Dalam film ini mengisahkan bagaimana martabat perempuan direndahkan. Nurbayah dinikahkan dengan Datuk Maringgih, seorang hartawan namun berprilaku kasar.
Ayah Nurbaya mendapat keuntungan dari pernikahan itu karena dapat bebas dari berbagai utang.
Kisah Kawin paksa ini juga terjadi di Flores dalam film Ria Rago.
Gadis yang beragama Katolik berasal dari Desa Noea Nelloe dipaksakan oleh orangtuanya untuk menikah dengan Dapa Doki.
Ia direncanakan untuk menjadi Istri kedua dari Dapo Doki yang berbeda keyakinan dengannya.
Ria tidak menyetujui pernikahan tersebut meski maharnya sangat besar.
Ia tidak mencintai lelaki itu, apalagi lelaki itu sudah memiliki istri. Dalam film tersebut tampak Ria Rago mempertahankan imannya meski ia harus diikat dan dipaksa menikah.
Ia terus berdoa senbari memegang erat rosario di tiang tempat ia diikat.
Ria Rago merupakan tokoh utama dalam film ini.
Latar filmnya menggambarkan suasana masyarakat Ende zaman itu.
Film ini ditulis oleh misionaris eponim dari tahun 1930 oleh Pastor Simon Buis. Pastor Simon Buis (1892-1960) dari Kongregasi Sabda Allah (Societatis Verbi Divina – SVD).
Ia merupakan salah satu misionaris Belanda yang sangat terkenal di zamannya.
Film Flores, yang diedit olehnya dari tahun 1925 menginspirasi banyak orang untuk menjadi seorang misionaris.
Film ini diambil oleh juru kamera Jerman Willy Rach.
Pada 1930 ia membuat film misionaris baru yang sekali lagi diputar di Flores: Ria Rago.
Dia dibantu oleh, Pastor Piet Beltjens.
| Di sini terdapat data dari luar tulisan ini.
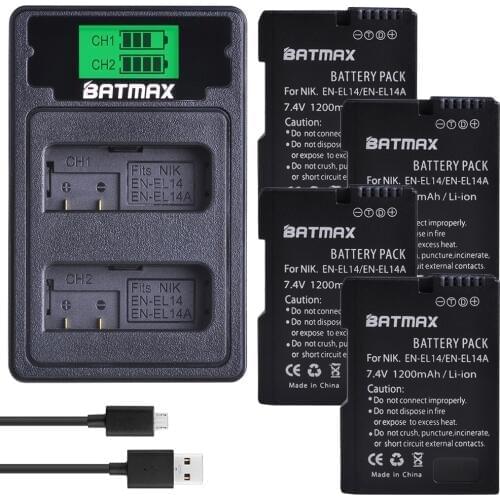 4Pcs EN-EL14 ENEL14 EN EL14 Battery Pack + LCD USB Charger with Type C Port for Nikon D5200 D3100 D3200 D5100 P7000 P7100 MH-24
Judul lengkap film ini Ria Rago, pahlawan wanita di lembah Ndona.
Kehidupan pengorbanan dan kematian. Pengorbanan seorang gadis muda Kristen .
Film dokumenter berjudul “Ria Rago” menggambarkan konsisi Ende zaman itu. Dalam Film tersebut tampak masyarakat dalam kesehariannya.
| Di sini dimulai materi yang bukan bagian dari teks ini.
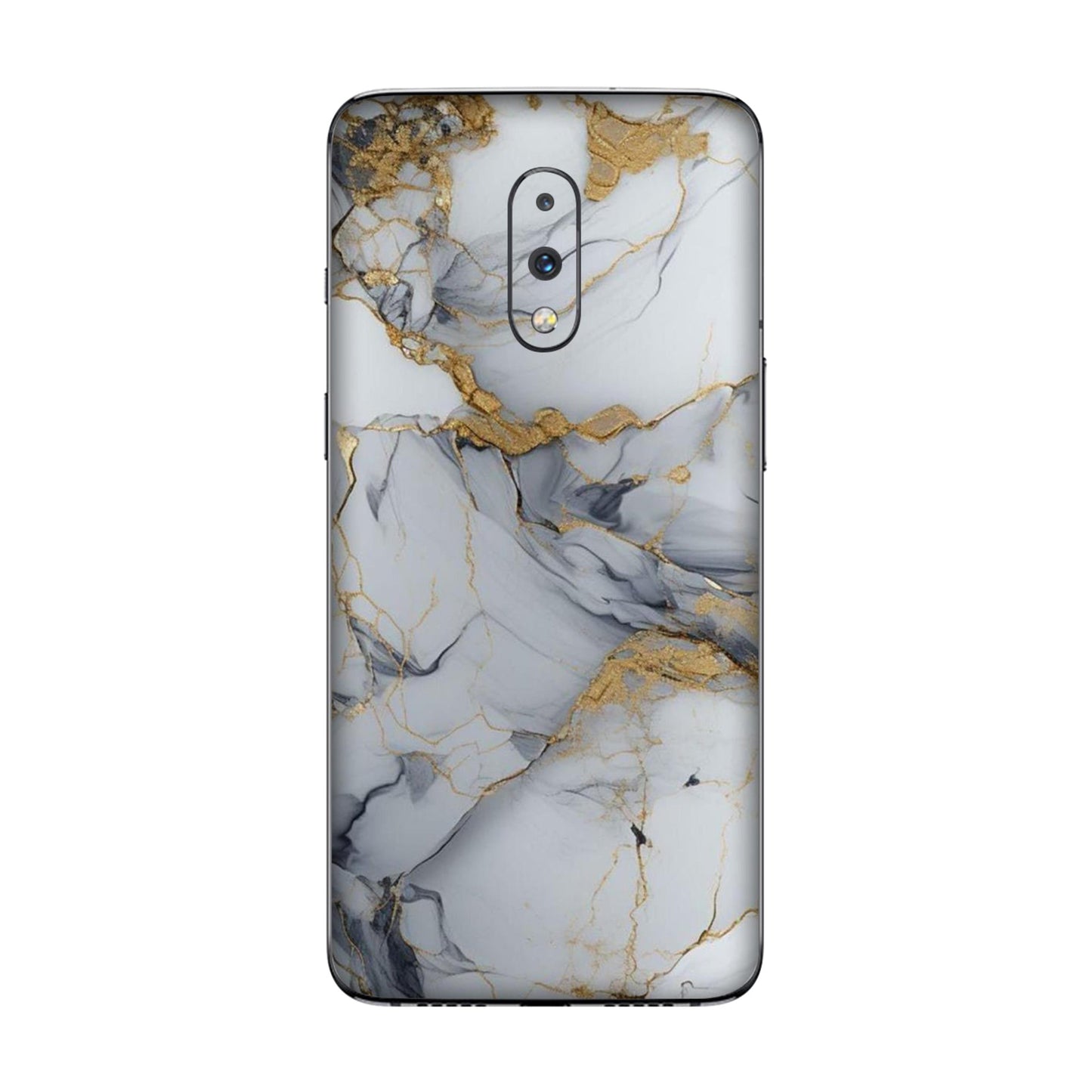 White Gold Luxury Marble Mobile Skin For OnePlus 7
Latarnya merupakan perkampungan-perkampungan zaman dulu. Film ini diangkat dari cerita rakyat di Ndona Ende pada tahun 1923.
Dalam film yang ditayangkan hampir dua jam tersebut tampak juga latar belakang Biara para misionaris dan juga rumah sakit dan panti.
Film ini tidak ada audio dan menjdi salah satu film dokumenter tertua.